### [MATERIAL SHOWN]
——————
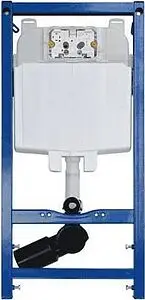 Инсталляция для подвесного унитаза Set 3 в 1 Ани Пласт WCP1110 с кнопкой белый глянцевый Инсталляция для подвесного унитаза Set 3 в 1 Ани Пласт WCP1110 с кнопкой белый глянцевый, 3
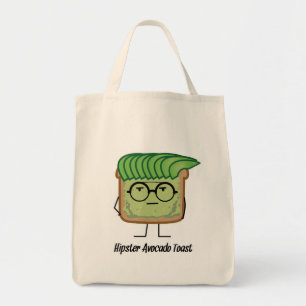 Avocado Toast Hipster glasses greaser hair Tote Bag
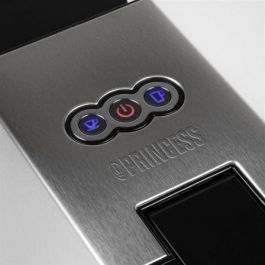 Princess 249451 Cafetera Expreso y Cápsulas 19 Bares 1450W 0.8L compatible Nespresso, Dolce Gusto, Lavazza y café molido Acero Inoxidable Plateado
——————
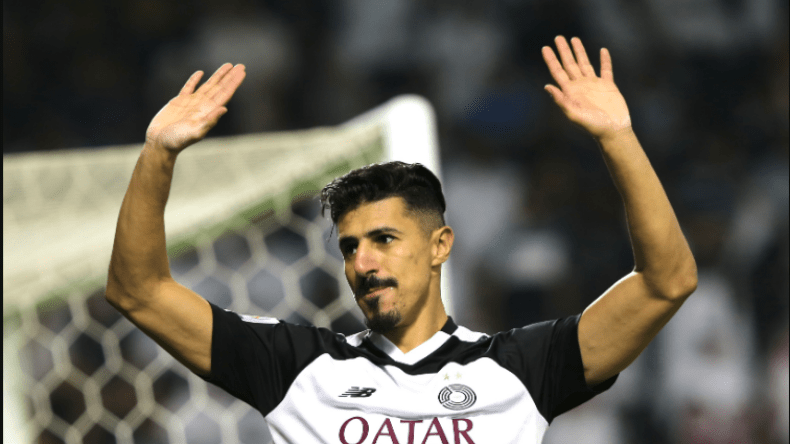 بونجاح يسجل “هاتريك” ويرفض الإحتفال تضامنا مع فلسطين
——————
### [INSTRUCTIONS TO FOLLOW]
All lines above starting at the one with "белый глянцевый, 3" and ending at the one with "Princess 249451 Cafetera", inclusive, are to be printed again exactly, with the pictures left out.

### [RESPONSE]
 Инсталляция для подвесного унитаза Set 3 в 1 Ани Пласт WCP1110 с кнопкой белый глянцевый Инсталляция для подвесного унитаза Set 3 в 1 Ани Пласт WCP1110 с кнопкой белый глянцевый, 3
 Avocado Toast Hipster glasses greaser hair Tote Bag
 Princess 249451 Cafetera Expreso y Cápsulas 19 Bares 1450W 0.8L compatible Nespresso, Dolce Gusto, Lavazza y café molido Acero Inoxidable Plateado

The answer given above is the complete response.